On some bows it could chage SLIGHTLY. On singles with draw stops it only changes how far the cam rotates. Ones with string post adjustments your ATA would have to change slightly. Measure it and see for yourself.


----------



## deskjockey (Jun 9, 2005)

My bow is currently set at 30" draw. The a to a measures at 36 5/8". I think I will visit the proshop tomorrow to see if they can put the string on the 31" draw post and then remeasure. I'm beginning to doubt that it will get me that extra inch in axle to axle measurement. Gun season is only two weeks away. I think I will send my bow in to Parker to have them get it back into spec.


----------



## Jabwa (Dec 10, 2004)

You are correct. Any rotation of the cam, WHEN THE BOW IS IN A RELAXED POSITION, will change the ATA slightly because it will either shorten or lengthen the cable, which is what controls the ATA (i.e. shorter cable = shorter ATA; longer cable = longer ATA). However, on some bows, for example the Cam.5's, the degree of rotation of the cams is changed AT FULL DRAW, and therefore the ATA of the bow in a relaxed state is unchanged. Please correct me if this is incorrect.


----------



## XP35 (Oct 11, 2005)

Jabwa said:


> You are correct. Any rotation of the cam, WHEN THE BOW IS IN A RELAXED POSITION, will change the ATA slightly because it will either shorten or lengthen the cable, which is what controls the ATA (i.e. shorter cable = shorter ATA; longer cable = longer ATA).

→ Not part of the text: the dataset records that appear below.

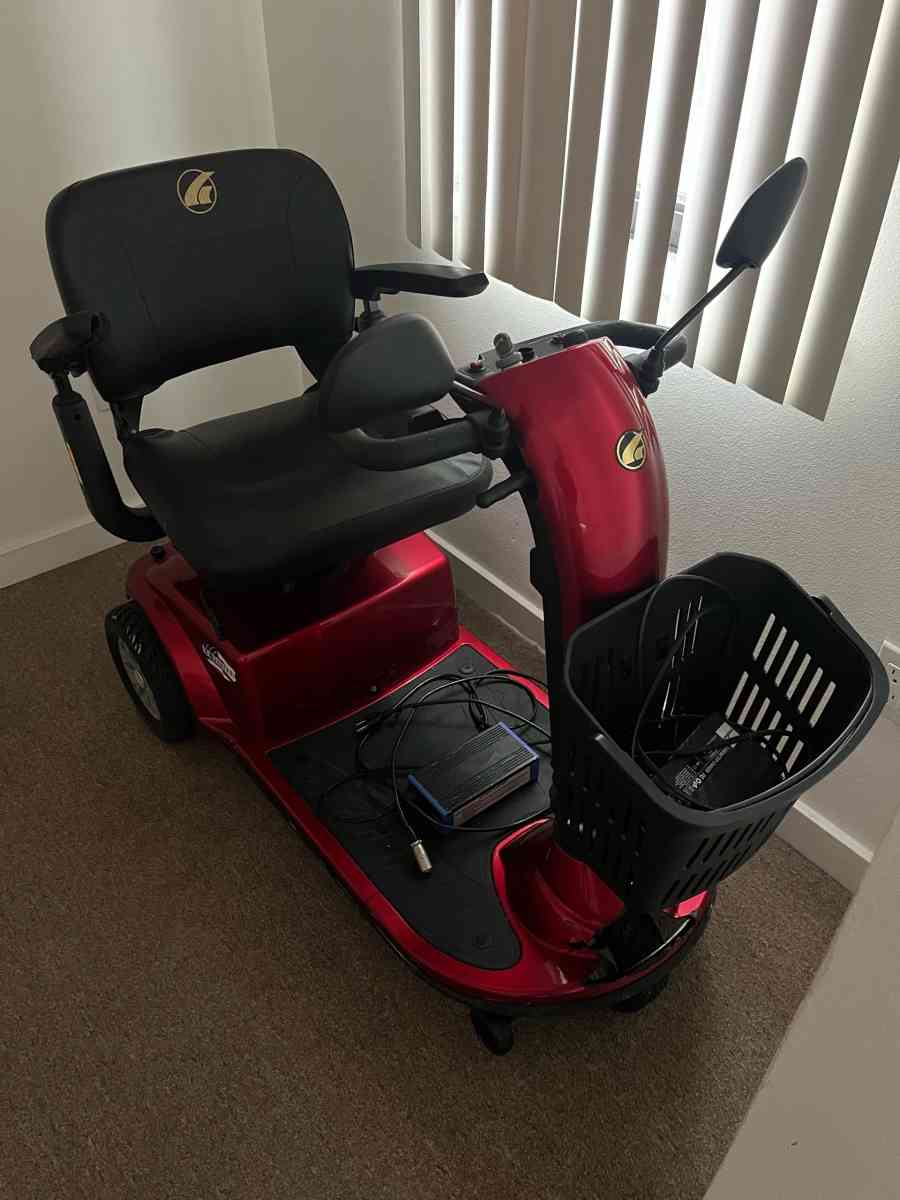 Golden Red mobility scooter
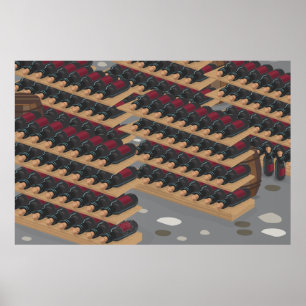 Wijnkelder Poster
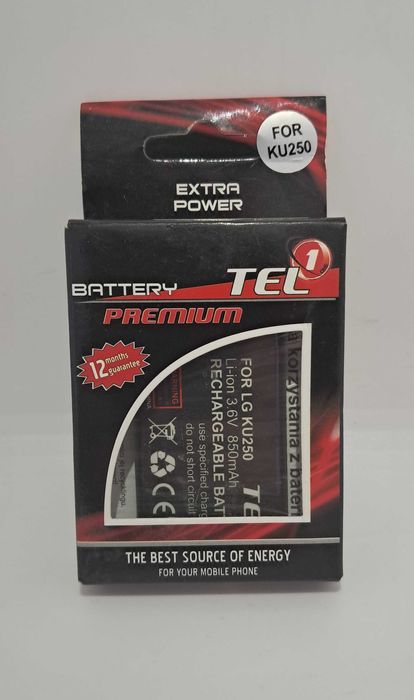Bateria LG: KU250, KU385, KP100.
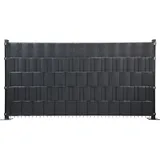 Floraworld Sichtschutzstreifen 251,5 x 19 cm grau PVC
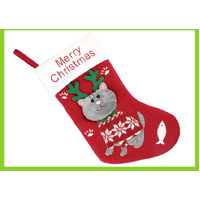 2pcs cute cat christmas stockings cartoon christmas socks gift bag christmas decoration socks christmas tree pendant thumbnail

However, on some bows, for example the Cam.5's, the degree of rotation of the cams is changed AT FULL DRAW, and therefore the ATA of the bow in a relaxed state is unchanged. Please correct me if this is incorrect.


You are right. Buss cable, and string to some extent, controls ATA measurement. He needs a tune job. Javi has a thread here that explains it very well. It came in handy for me!


----------